Dual inoculation of wheat with Azotobacter chroococcum and one of the following yeast strains (Saccharomyces cervisiae, Candida sake, Saccharomyces exiguous, Pichia membranifaciens or Cryptococcus laurentii) resulted in significant increases in shoot fresh and dry weights, root fresh and dry weights, except the yeast strain Cryptococcus laurentii.
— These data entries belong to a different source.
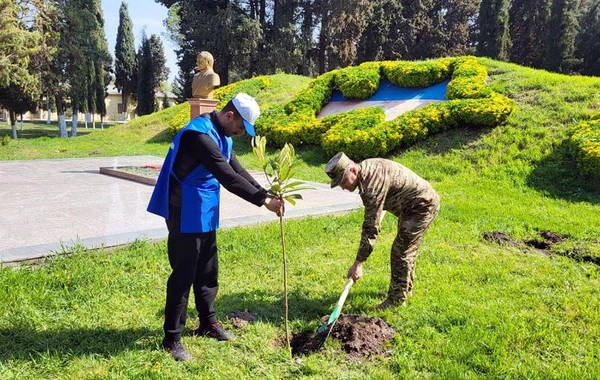 Azərbaycan Ordusunda keçirilən ağacəkmə aksiyaları davam edir - FOTO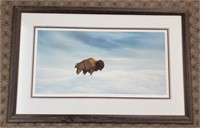 "Monarch Of The Plains" Numbered &Signed COA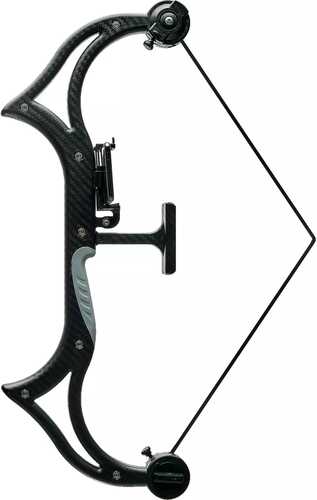 AccuBow NaFALSE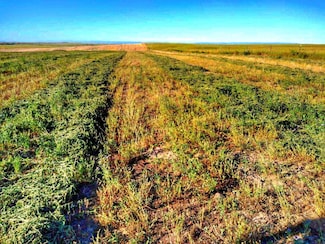 435 W Onion Creek Rd, Hardin, MT 59034
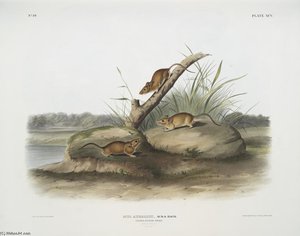 Mus Aureolus, Orange Colored Mouse — John James Audubon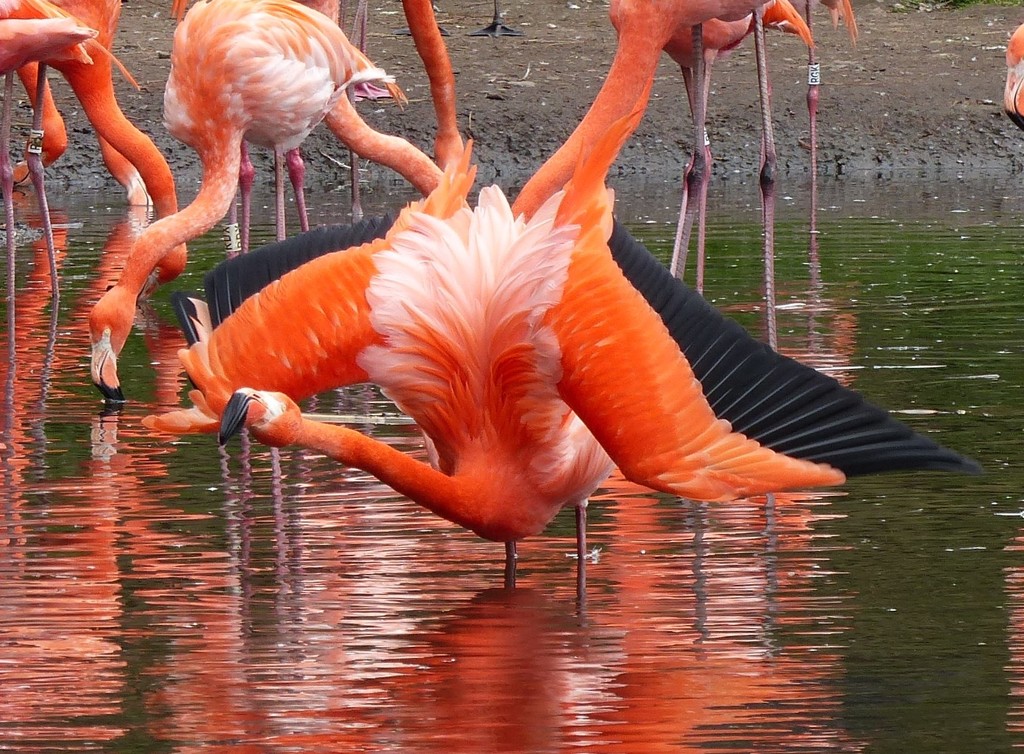 Another Caribbean Flamingo by susiemc
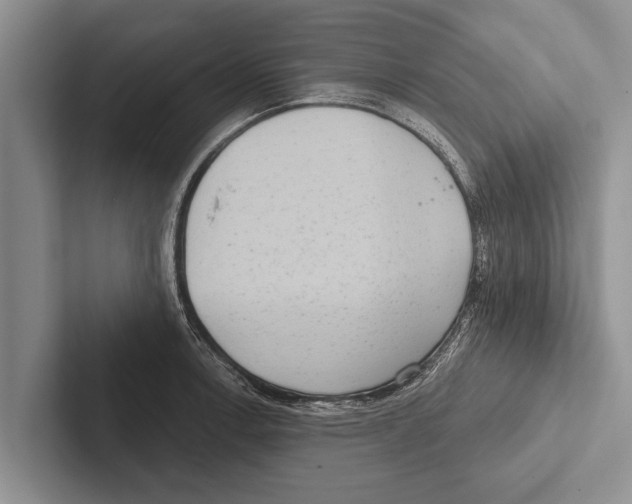 X0000102531138200809051504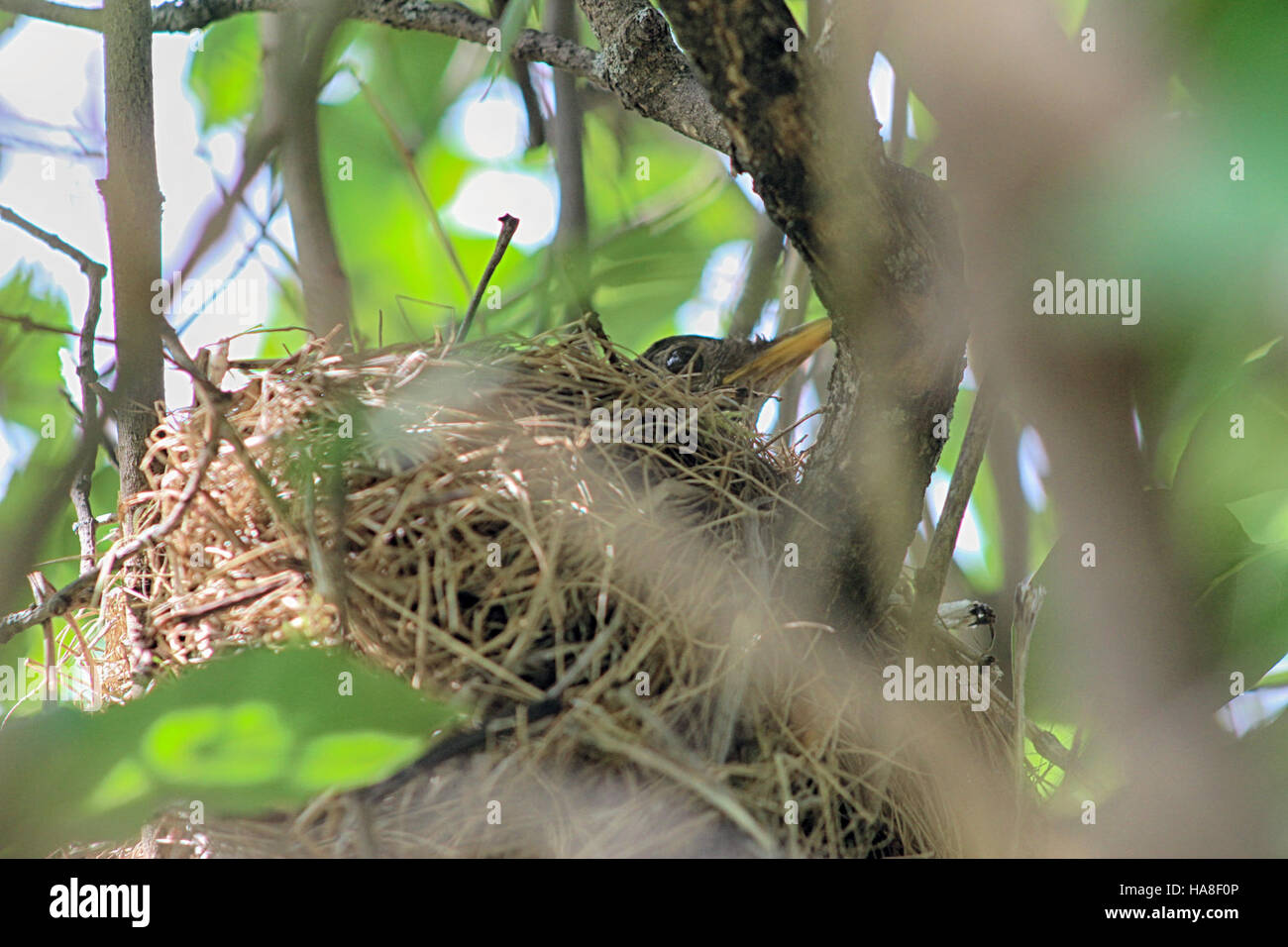 Questa immagine mostra un nido di robin, catturato da USFWS Midwest. Il nido presenta l'habitat naturale del robin, che fornisce uno sguardo sulla vita di questa specie di uccelli. Il nido mostra il design intricato e i materiali utilizzati da robins per costruire le loro case. Foto Stock Questa immagine mostra un nido di robin, catturato da USFWS Midwest. Il nido presenta l'habitat naturale del robin, che fornisce uno sguardo sulla vita di questa specie di uccelli. Il nido mostra il design intricato e i materiali utilizzati da robins per costruire le loro case. Foto Stock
At the field condition, the most stimulative treatment on all of measured plant growth parameters, N-uptake and grain yield was that inoculated with Azotobacter chroococcum+Candida sake. Dual inoculation of wheat with A. chroococcum+yeast strain C. sake and fertilization at the N level of 60 kg feddan–1 is recommended for wheat fertilizer in Egypt since it save the highest grain yield and was equal to that obtained with dual inoculation+80 kg N feddan–1. The variation in amount of improvements induced by the different yeast strains, point to the importance of selecting the most compatible efficient strain for inoculation with the Azotobacter chroococcum species.

SIGNIFICANCE STATEMENTS

Biofertilizers are the formulation of living microorganisms, which are able to fix atmospheric nitrogen and convert insoluble phosphorus to available one for the use of plants. Bio-fertilization is very safe for human, animal and environment to get lower pollution and save fertilization cost. In addition, their application in soil improves soil biota and minimizes the sole use of chemical fertilizers. One of these biofertilizers is non-symbiotic nitrogen fixing bacteria (Azotobacter chroococcum) also yeasts were found in the different soils and rhizosphere of various plants. In the recent years mixed inoculants are used for increasing the effective microbial strains used as biofertilizers, whereas many studies have shown that mixed inoculants containing mixture of bacterial species promote greater beneficial effects than single strain inocula. So, this investigation study the effect of inoculation with A. chroococcum or plus yeast strains on growth and yield of wheat plants and selecting the most compatible efficient yeast strain for inoculation with the Azotobacter chroococcum.

ACKNOWLEDGMENT

The author would like thank Faculty of Agriculture, Assiut University, Egypt for supporting his study.